The result is always correct but valgrind complains about a memory leak and I've noticed that it happens depending on the criteria for choosing the strings to put in the list, or if the array contains duplicate strings (really, it's a mix of these two factors and I can't wrap my head around why it's behaving like this).
#include <stdio.h>
#include <stdlib.h>
#include <string.h>
typedef struct node {
const char *str;
struct node *next;
} NODE;
typedef NODE *LIST;
LIST bar(char **arr, size_t n)
{
LIST l = NULL;
for (size_t i = 0; i < n; i++) {
/* FOOTNOTE #1 */
if (i == 3 || i == 4) {
NODE *n = malloc(sizeof(NODE));
n->str = arr[i];
n->next = l;
l = n;
}
}
return l;
}
LIST foo(const char **arr, size_t n)
{
char **copy = malloc(sizeof(char *) * n);
for (size_t i = 0; i < n; i++) {
/* each original string is copied into a new one, which is modified in some way before
* being saved in the new array. Here the original strings are saved directly in the
* array because the code that alters them doesn't affect the memory leak
*/
// the malloc at this line is the one that valgrind doesn't like
copy[i] = malloc(strlen(arr[i]) + 1);
strcpy(copy[i], arr[i]);
}
LIST l = bar(copy, n);
// checks which strings haven't been put in the list and frees them
for (size_t i = 0; i < n; i++) {
NODE *n = l;
while (n != NULL && strcmp(copy[i], n->str) != 0) {
n = n->next;
}
if (n == NULL) {
free((char *) copy[i]);
}
}
// frees the array, at this point only the strings in the list should be still allocated
free(copy);
return l;
}
int main(void)
{
/* FOOTNOTE #2 */
const char *arr[] = {"amet", "sit", "dolor", "sit", "amet"};
LIST l = foo(arr, sizeof(arr) / sizeof(arr[0]));
// for every node in the list prints the string in it and frees both the string and the node
while (l != NULL) {
printf("%s", l->str);
if (l->next != NULL) {
printf("%s", ", ");
}
NODE *tmp = l;
l = l->next;
free((char *) tmp->str);
free(tmp);
}
free(l);
puts("");
}
FOOTNOTE #1: this is the criterion for choosing which strings go in the list. If I use i == 3 || i == 4
and the array in FOOTNOTE #2 contains duplicate strings, valgrind finds a leak. If I use i % 2 == 1
it's fine, but if the array contains no duplicates it's also fine with i == 3 || i == 4
. Beats me.
Here's the output of valgrind for the code above (i == 3 || i == 4
with duplicates):
$ gcc prog.c -g -o prog
$ valgrind --tool=memcheck --leak-check=full ./prog
==12118== Memcheck, a memory error detector
==12118== Copyright (C) 2002-2017, and GNU GPL'd, by Julian Seward et al.

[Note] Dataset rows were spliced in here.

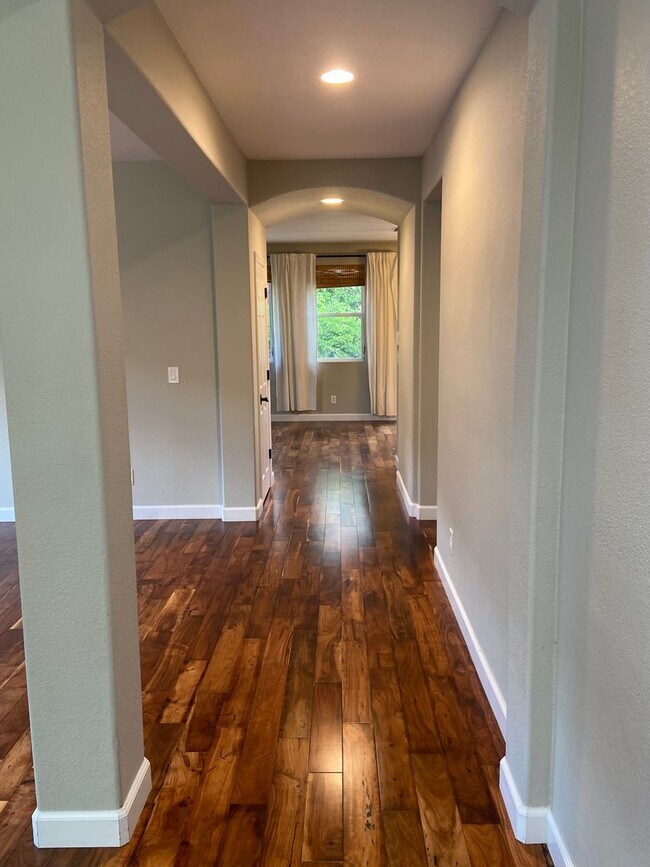 Foto del edificio - Parkway Beauty - 4 Bdrm, 2.5 Bath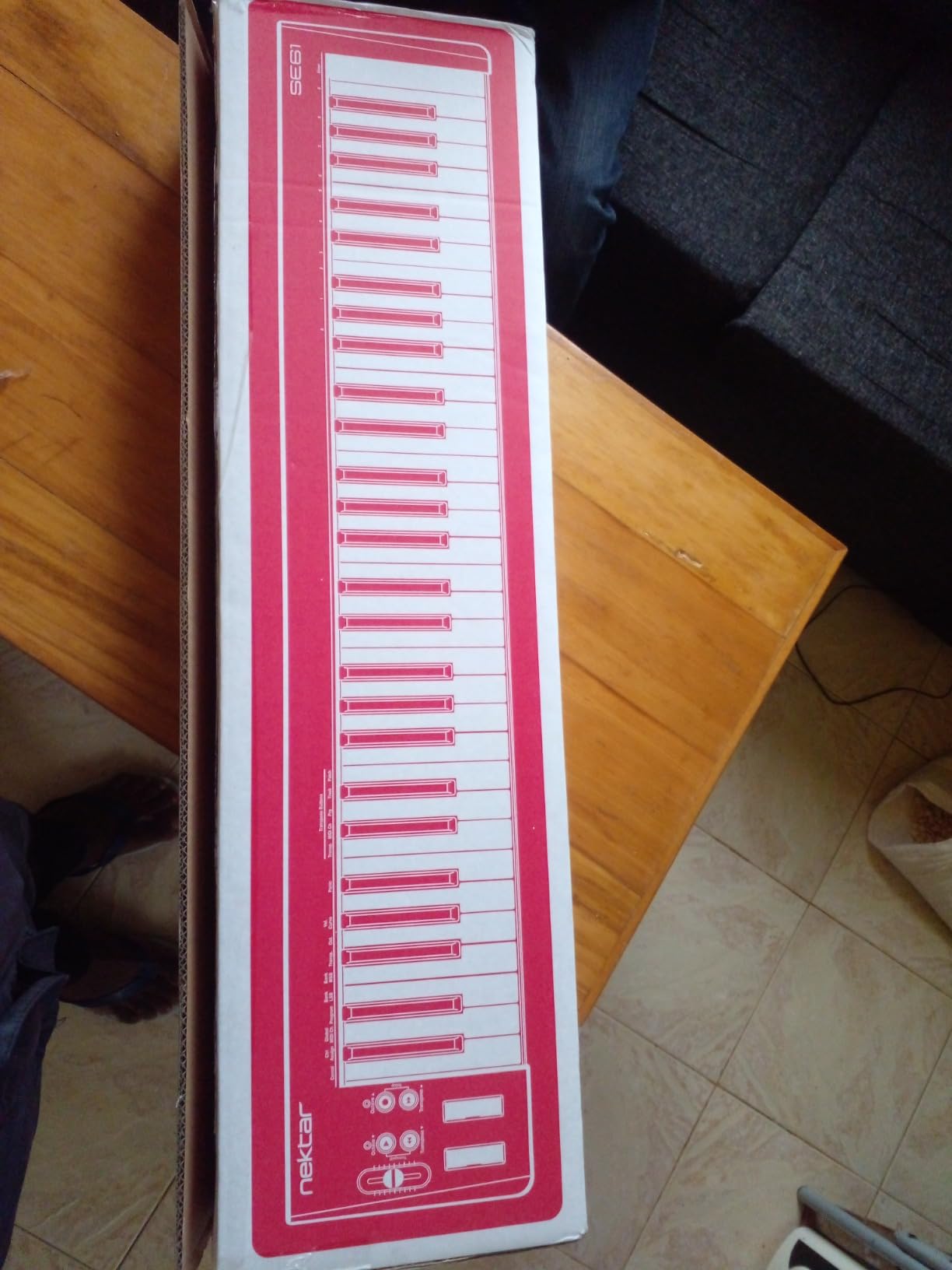 Nektar SE61 USB MIDI Controller Keyboard with Nektar DAW Integration customer photo 2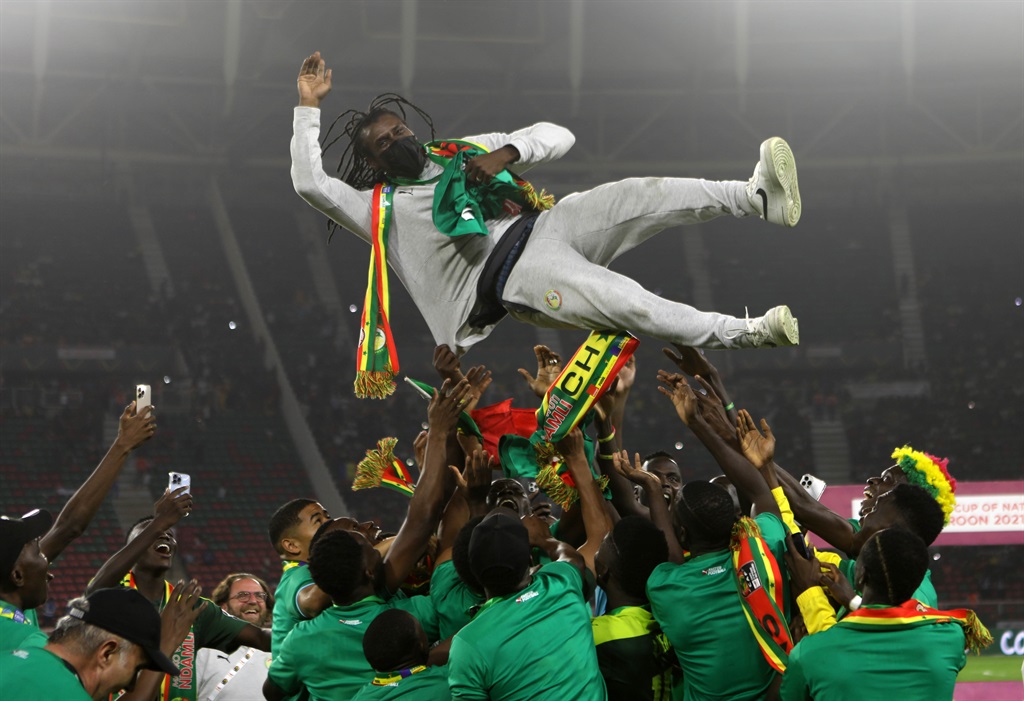 Football Victory for Senegal to Spur Demand for African Coaches - Bloomberg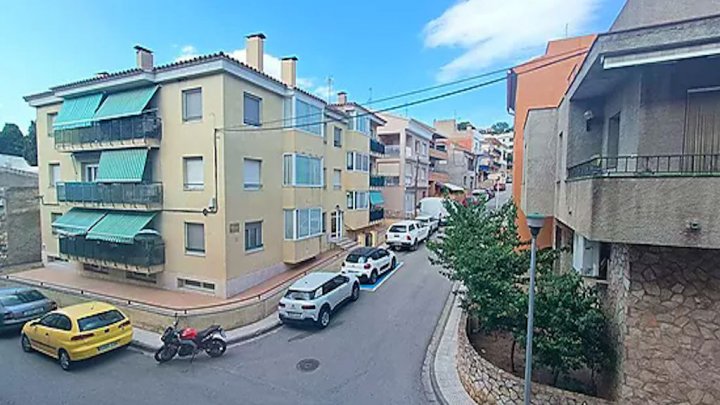 Attraktive Wohnung im Herzen von Llançà an der Costa Brava zu verkaufen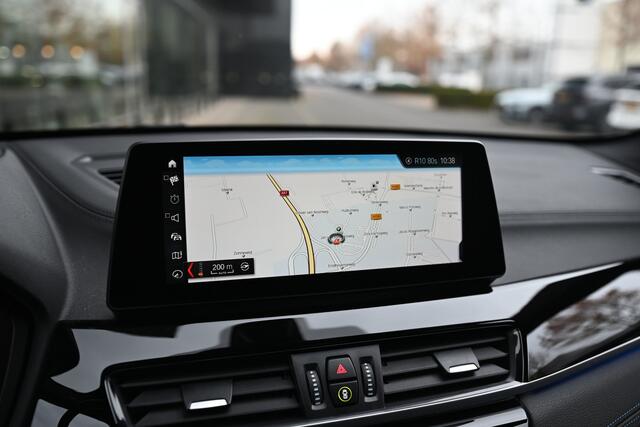 BMW X1 sDrive18i Executive M Sport Automaat / Sportstoelen / Adaptieve LED / Head-Up / M Sportonderstel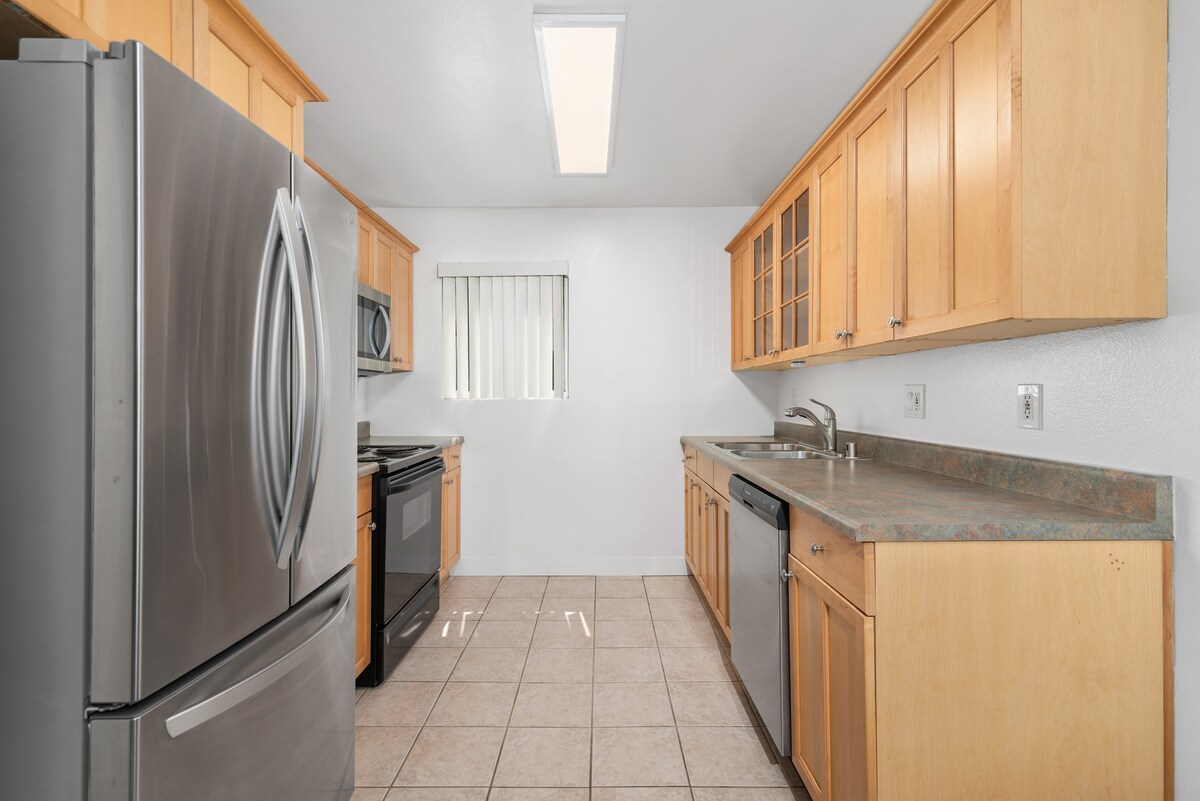 Building Photo - 2850 Reynard Way 21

==12118== Using Valgrind-3.15.0 and LibVEX; rerun with -h for copyright info
==12118== Command: ./prog
==12118==
amet, sit
==12118==
==12118== HEAP SUMMARY:
==12118== in use at exit: 9 bytes in 2 blocks
==12118== total heap usage: 9 allocs, 7 frees, 1,120 bytes allocated
==12118==
==12118== 9 bytes in 2 blocks are definitely lost in loss record 1 of 1
==12118== at 0x483980B: malloc (vg_replace_malloc.c:309)
==12118== by 0x40128E: foo (test2.c:38)
==12118== by 0x4013E1: main (test2.c:66)
==12118==
==12118== LEAK SUMMARY:
==12118== definitely lost: 9 bytes in 2 blocks
==12118== indirectly lost: 0 bytes in 0 blocks
==12118== possibly lost: 0 bytes in 0 blocks
==12118== still reachable: 0 bytes in 0 blocks
==12118== suppressed: 0 bytes in 0 blocks
==12118==
==12118== For lists of detected and suppressed errors, rerun with: -s
==12118== ERROR SUMMARY: 1 errors from 1 contexts (suppressed: 0 from 0)
Found the culprit thanks to the hint provided by Avi Berger. Given that the strings are dynamically allocated, the right way to free
them at the end of foo()
is to check if the address in the array is equal to the address in the list:
while (n != NULL && copy[i] != n->str) {
n = n->next;
}
That's because if a string in the list has a duplicate in the array, a comparison "by value" with strcmp
like the one I did before will leave all the duplicates allocated and that's where the memory leak was coming from.